Input material:
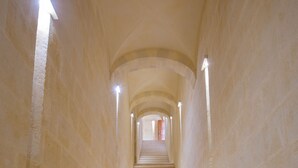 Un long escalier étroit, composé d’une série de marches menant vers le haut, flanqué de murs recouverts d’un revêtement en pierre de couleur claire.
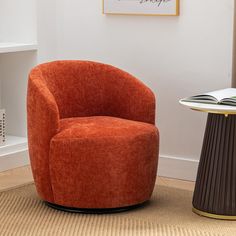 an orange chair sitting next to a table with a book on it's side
==
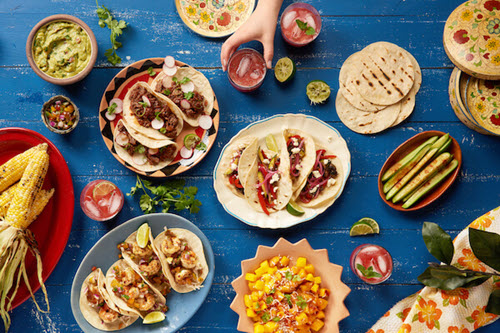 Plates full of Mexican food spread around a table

What you are asked to do:
In the listing above, the required lines run from the line with "Un long escalier" through the line with "an orange chair". Output exactly those lines, omitting pictures.

Your response:
 Un long escalier étroit, composé d’une série de marches menant vers le haut, flanqué de murs recouverts d’un revêtement en pierre de couleur claire.
 an orange chair sitting next to a table with a book on it's side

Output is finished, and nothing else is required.